TASK PROMPT. Copy the records below, from the line containing "Mouwloze katoenen blouse" through the last line; leave out pictures.

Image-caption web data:
══════════

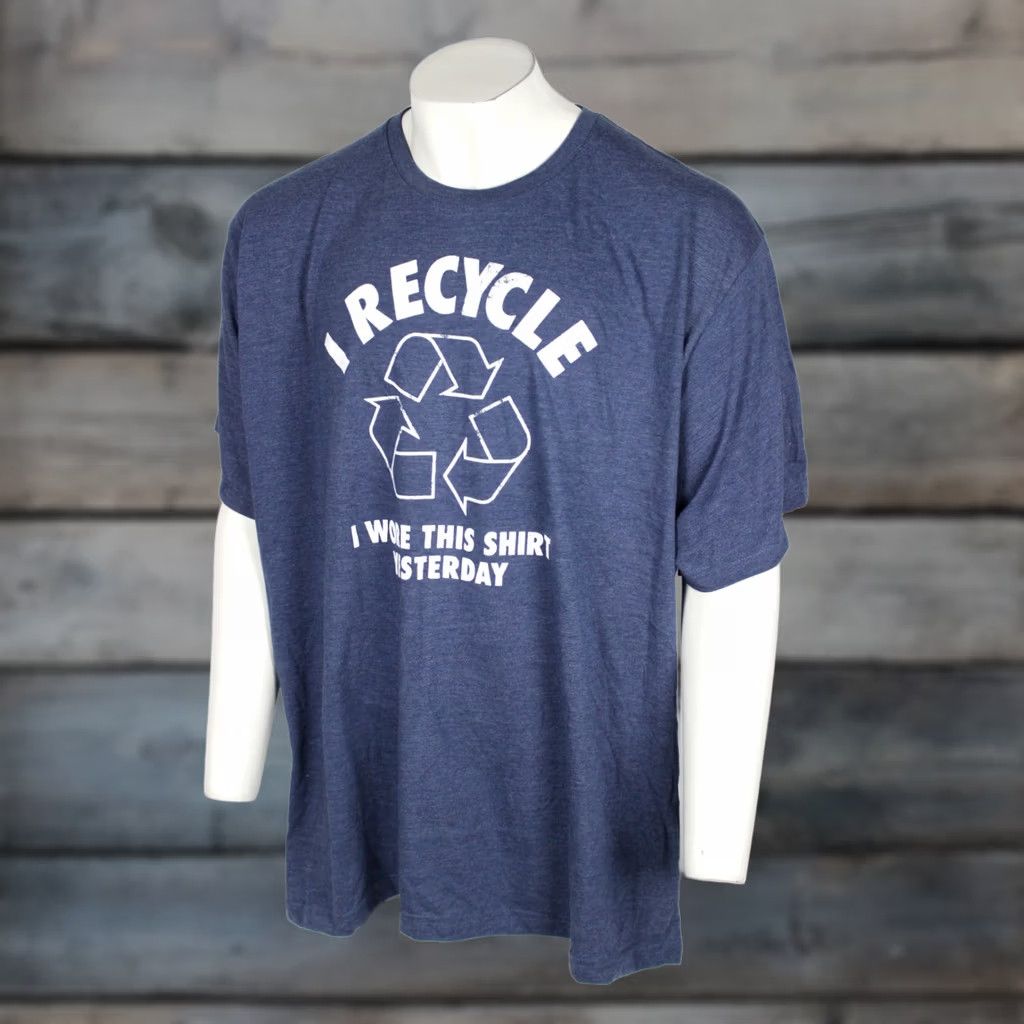 Vintage VINTAGE Fifth Sun Men's Recycle I Wore Shirt 5XL Heather Blue T-Shirt Short Sleeve Crew Neck Graphic Print Shirt Mens 5XL Blue Heather Size US XXL / EU 58 / 5 - 1 Thumbnail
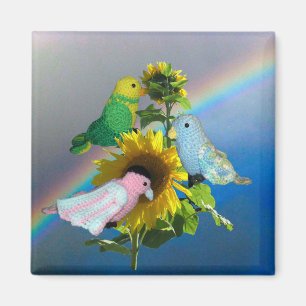 Magnet - Spielvögel auf Sonnenblume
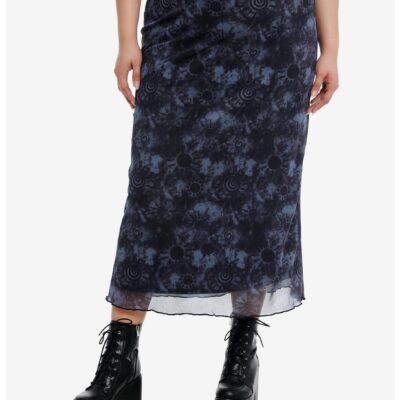 Cosmic Aura® Sun Swirl Mesh Midi Skirt Plus Size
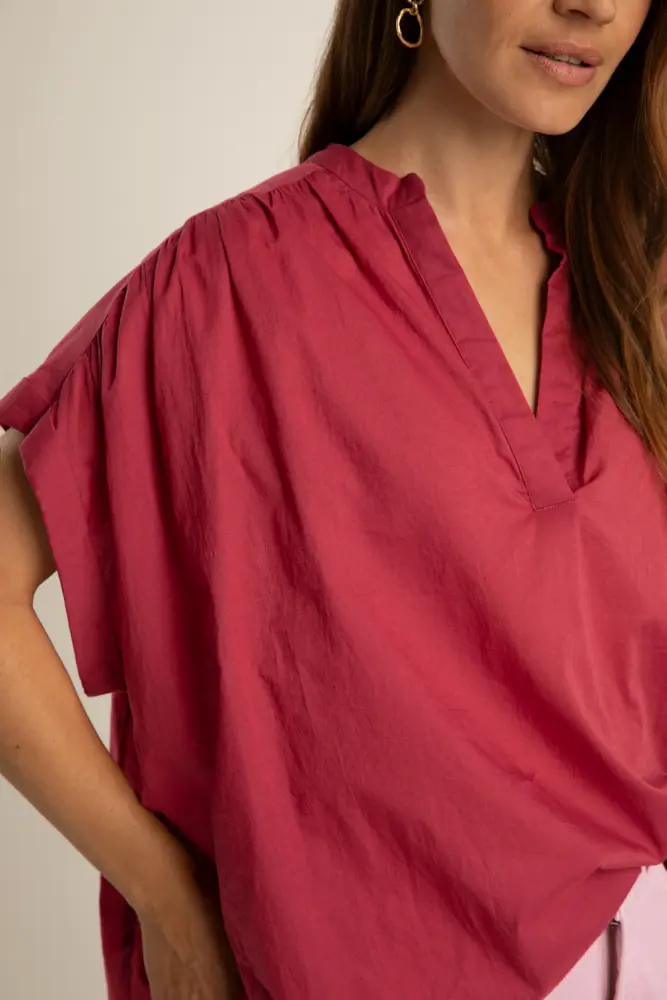 Mouwloze katoenen blouse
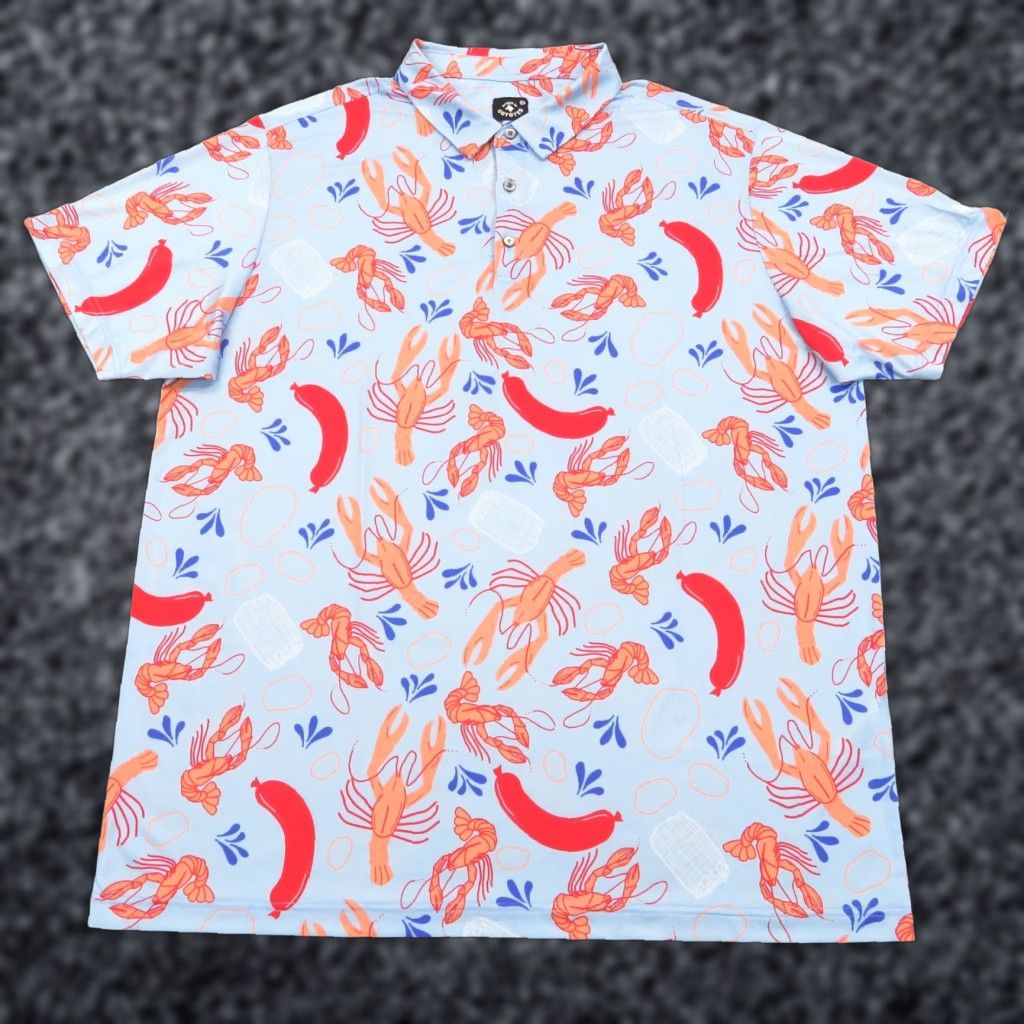 Vintage Raised By Coyotes Polo XXL Blue Southern Low Country All Over Performance Golf Size US XXL / EU 58 / 5 - 1 Thumbnail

══════════

EXPECTED ANSWER.
 Mouwloze katoenen blouse
 Vintage Raised By Coyotes Polo XXL Blue Southern Low Country All Over Performance Golf Size US XXL / EU 58 / 5 - 1 Thumbnail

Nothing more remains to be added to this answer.